Extracted records
# # #

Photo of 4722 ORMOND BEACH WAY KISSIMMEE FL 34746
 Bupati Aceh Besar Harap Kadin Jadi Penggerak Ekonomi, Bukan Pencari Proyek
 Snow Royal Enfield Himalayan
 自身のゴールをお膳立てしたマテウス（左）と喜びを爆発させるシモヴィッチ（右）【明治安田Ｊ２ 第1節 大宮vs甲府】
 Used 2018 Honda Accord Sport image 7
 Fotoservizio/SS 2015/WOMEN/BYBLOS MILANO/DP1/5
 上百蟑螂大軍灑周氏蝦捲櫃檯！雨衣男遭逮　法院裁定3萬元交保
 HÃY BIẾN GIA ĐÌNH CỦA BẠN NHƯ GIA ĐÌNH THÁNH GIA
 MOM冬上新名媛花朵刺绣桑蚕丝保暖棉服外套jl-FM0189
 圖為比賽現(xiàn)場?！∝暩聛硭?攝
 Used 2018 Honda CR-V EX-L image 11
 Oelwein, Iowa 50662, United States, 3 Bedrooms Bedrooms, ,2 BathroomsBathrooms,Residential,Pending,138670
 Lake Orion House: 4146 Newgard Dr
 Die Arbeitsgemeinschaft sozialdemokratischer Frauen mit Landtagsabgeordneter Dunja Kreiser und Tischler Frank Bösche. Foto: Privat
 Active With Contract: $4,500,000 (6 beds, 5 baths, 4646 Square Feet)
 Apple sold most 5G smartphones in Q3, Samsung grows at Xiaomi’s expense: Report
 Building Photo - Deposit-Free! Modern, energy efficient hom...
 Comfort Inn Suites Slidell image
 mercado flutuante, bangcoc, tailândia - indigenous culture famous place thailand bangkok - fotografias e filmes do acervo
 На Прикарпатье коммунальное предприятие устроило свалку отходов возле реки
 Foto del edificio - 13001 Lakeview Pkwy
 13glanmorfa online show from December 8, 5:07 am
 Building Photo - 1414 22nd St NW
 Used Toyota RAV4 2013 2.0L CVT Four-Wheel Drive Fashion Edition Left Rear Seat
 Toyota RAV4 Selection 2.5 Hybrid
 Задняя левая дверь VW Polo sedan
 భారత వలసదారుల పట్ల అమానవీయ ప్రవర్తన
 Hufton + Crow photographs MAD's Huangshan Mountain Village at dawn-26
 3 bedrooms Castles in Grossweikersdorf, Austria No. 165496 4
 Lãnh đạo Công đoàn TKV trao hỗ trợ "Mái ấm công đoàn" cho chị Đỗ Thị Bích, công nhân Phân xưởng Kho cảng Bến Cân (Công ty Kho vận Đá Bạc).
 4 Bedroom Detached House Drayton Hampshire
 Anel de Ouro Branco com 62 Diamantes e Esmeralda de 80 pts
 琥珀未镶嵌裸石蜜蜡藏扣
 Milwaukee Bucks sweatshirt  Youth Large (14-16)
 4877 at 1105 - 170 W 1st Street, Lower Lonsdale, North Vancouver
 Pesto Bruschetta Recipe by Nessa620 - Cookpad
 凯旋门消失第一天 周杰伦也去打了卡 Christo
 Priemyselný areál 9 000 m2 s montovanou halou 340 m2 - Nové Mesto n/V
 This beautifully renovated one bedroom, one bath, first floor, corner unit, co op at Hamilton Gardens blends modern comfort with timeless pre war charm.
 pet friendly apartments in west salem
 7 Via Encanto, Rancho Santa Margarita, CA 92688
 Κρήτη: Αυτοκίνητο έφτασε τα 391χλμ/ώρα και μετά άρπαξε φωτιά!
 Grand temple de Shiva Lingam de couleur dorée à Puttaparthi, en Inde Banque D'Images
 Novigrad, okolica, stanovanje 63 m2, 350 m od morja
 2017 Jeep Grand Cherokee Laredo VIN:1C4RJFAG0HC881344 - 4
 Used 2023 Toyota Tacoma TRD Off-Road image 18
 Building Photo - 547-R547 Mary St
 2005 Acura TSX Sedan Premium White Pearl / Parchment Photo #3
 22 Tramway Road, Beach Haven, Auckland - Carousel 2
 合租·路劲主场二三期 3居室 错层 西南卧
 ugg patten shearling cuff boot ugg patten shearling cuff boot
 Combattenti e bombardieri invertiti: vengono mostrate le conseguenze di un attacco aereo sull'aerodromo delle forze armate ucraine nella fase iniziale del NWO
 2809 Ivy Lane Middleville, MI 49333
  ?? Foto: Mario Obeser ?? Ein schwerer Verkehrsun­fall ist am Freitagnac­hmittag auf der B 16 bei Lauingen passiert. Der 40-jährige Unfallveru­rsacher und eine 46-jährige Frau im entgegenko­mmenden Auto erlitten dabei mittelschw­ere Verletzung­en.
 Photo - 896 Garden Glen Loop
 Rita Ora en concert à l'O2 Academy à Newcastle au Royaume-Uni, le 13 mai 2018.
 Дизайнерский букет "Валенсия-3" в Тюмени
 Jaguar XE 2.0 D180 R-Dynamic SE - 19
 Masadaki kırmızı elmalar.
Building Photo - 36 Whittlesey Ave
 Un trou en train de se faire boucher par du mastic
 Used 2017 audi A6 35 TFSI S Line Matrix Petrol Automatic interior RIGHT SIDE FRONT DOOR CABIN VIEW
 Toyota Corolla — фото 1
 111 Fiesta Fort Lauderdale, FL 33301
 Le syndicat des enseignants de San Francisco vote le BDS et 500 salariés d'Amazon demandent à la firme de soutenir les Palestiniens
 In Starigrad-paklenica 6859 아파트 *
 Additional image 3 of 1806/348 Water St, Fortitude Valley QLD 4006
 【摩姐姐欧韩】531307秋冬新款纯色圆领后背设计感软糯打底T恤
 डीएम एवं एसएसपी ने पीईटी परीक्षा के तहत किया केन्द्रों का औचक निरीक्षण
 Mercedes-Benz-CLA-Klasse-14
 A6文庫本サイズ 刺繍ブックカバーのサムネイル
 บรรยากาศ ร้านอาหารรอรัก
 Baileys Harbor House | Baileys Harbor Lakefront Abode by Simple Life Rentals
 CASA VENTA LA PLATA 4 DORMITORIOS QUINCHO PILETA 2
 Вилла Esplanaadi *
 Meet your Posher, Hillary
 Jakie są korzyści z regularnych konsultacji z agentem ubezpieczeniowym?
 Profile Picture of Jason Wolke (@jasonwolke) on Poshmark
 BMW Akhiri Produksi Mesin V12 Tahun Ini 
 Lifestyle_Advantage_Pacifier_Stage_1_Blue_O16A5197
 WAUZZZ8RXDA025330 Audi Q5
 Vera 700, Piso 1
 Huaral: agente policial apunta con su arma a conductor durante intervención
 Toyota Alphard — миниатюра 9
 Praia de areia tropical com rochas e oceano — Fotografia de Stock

# # #

WHAT THE TASK ASKS: Repeat the entries above exactly, beginning at their first line and ending with the line that contains "Used 2018 Honda Accord Sport image 7", with nothing added.

SOLUTION FOR THIS TASK:
Photo of 4722 ORMOND BEACH WAY KISSIMMEE FL 34746
 Bupati Aceh Besar Harap Kadin Jadi Penggerak Ekonomi, Bukan Pencari Proyek
 Snow Royal Enfield Himalayan
 自身のゴールをお膳立てしたマテウス（左）と喜びを爆発させるシモヴィッチ（右）【明治安田Ｊ２ 第1節 大宮vs甲府】
 Used 2018 Honda Accord Sport image 7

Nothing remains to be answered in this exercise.